Saturday, May 16, 2015

What I've Learned About Cruises

I've only been on two Carnival cruises, so I hardly consider myself an expert on the subject.  But I have learned a few things in the process.

1.  You can fly into Orlando and depart from Port Canaveral without renting a car.  We flew to Orlando, stayed overnight in a cheap hotel, and the hotel shuttle took care of transportation to and from the airport.  At the airport, we had another shuttle drive us to the port.  We didn't have to pay parking fees, though we did have to deal with airline 3-1-1 restrictions. 

2.  Flying makes me swell.  Horribly.  I'll be wearing compression socks on planes for the rest of my life.

3.  The earlier in the day you check in at the port, the faster you can get through security and onboard the ship.  We practically walked right onto the ship at Port Canaveral.  It was great.  New Orleans took a long time to check in, because we arrived later.  

4.  It's worth it to see if your room is ready after you board. It just might be.  Ours wasn't, but after a quick buffet lunch, it was ready ahead of schedule.  :). If your room isn't ready when you embark, you will be toting all your carry-owns around with you.

5.  I'm not addicted enough to my internet that I'll actually pay for an onboard package.  I use my phone as an alarm clock, watch, and camera.  That's it.  

6.  My birthday was a month past, and they still sang "Happy Birthday" to me in the dining room and brought me a special dessert.  Our booking agent told me it didn't matter that my birthday had passed.  "Close enough!" She said.
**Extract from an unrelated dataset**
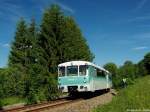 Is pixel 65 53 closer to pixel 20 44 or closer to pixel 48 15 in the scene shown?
pixel 48 15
Hahaha. I felt really special, and there aren't enough of those times. 

7.  A cruise is the perfect time to try foods that you might hate, just because they sound interesting and you never felt like wasting the money on a trial before.  I had strawberry bisque (delicious!), escargot (like rubbery mushrooms - no thank you), sushi, eggs benedict, gazpacho, Mongolian steak salad, chocolate gateau.

This isn't my photo of the menu, but it's the menu we chose from in the dining room for lunch.  Very few people were in the dining room at the time, so we had very fast service.  The dining room is your friend, if the buffet seems a bit iffy.  The buffets are typically themed, and sometimes cooked-to-order food is more worth waiting for.  :D

8.  You can choose a specific dining time and be seated with specific people throughout your cruise, or choose anytime dining and have lots of freedom.  Anytime dining was what I liked best.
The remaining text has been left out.